→ TASK BRIEF
Using the records below, give again exactly the lines from the line that contains "Senzor Noxe Potrivit" through the line that contains "The Evil Clown", both ends included, and only those.

→ INPUT DATA
++++

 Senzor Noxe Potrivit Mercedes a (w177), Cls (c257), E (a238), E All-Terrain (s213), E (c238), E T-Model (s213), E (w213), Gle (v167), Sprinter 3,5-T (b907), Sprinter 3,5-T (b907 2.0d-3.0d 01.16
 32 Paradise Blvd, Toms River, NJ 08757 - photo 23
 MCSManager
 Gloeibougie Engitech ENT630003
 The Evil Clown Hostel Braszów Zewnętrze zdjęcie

++++

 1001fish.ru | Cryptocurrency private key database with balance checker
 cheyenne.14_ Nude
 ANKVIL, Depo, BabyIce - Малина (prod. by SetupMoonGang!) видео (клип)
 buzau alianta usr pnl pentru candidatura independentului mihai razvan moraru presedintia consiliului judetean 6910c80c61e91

++++

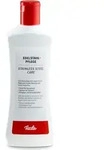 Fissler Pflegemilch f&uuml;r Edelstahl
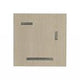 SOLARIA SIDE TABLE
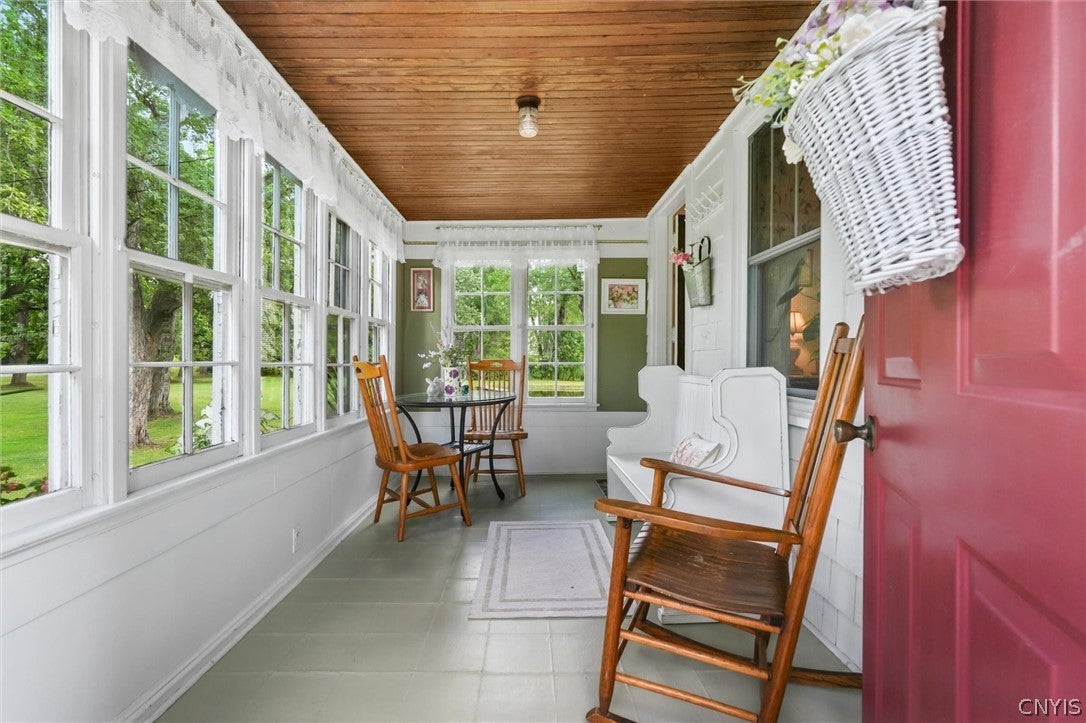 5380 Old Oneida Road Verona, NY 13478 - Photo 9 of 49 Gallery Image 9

++++

→ WRITTEN REPLY
 Senzor Noxe Potrivit Mercedes a (w177), Cls (c257), E (a238), E All-Terrain (s213), E (c238), E T-Model (s213), E (w213), Gle (v167), Sprinter 3,5-T (b907), Sprinter 3,5-T (b907 2.0d-3.0d 01.16
 32 Paradise Blvd, Toms River, NJ 08757 - photo 23
 MCSManager
 Gloeibougie Engitech ENT630003
 The Evil Clown Hostel Braszów Zewnętrze zdjęcie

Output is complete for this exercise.